Comment by hkai
5 years ago
I think one obstacle is that in practice, it is difficult to tell someone "your performance is bad today and you are not getting work done".
5 years ago
I think one obstacle is that in practice, it is difficult to tell someone "your performance is bad today and you are not getting work done".
It's not difficult, though. It just takes practice. You use the same channels that you are using for remote work: chat, email, voice, video. I understand the desire to not put something like that in writing, but that's what voice and video are for.
I agree, but. People skills. Allegedly managers have them.
Plus until corps can fire and replace the slackers, they are not in danger. (Because it's unlikely to hire someone while the quarantine is in effect.)
But simply tying pay to daily performance usually works.
How do you set daily targets?
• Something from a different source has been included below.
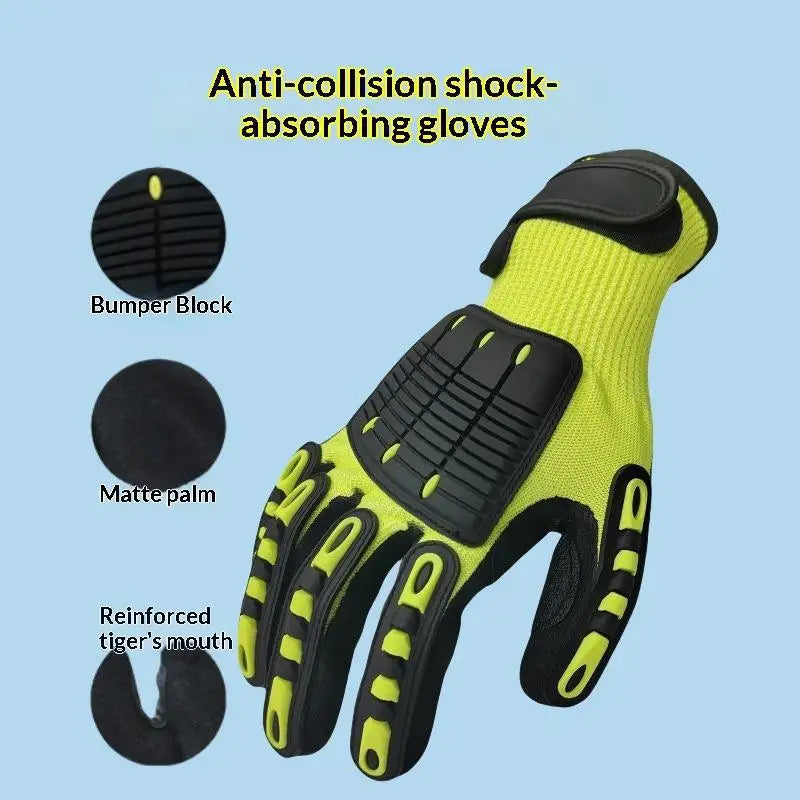 Cut-Resistant Safety Work Gloves - Anti-Vibration, Impact-Resistant & Oil-Proof Nitrile-Dipped Protective Gloves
All known measures (e.g. lines of code, bug counts) produce bad software because they are gamed.
I haven't said target. I said performance.
Working remotely both incentives and sort of mandates better visibility into one's working/thinking processes.
Writing, explaining, documenting, committing, pushing, testing one's work is important. It helps others know what you are up to, and helps you to be able to better show your work.
By reporting progress, daily targets should not be a certain tangible goal necessarily, rather than that some progress has been done and reported. This isn't perfect of course but I think it's possible to evaluate whether or not the tasks/progress someone has made reflects a days work.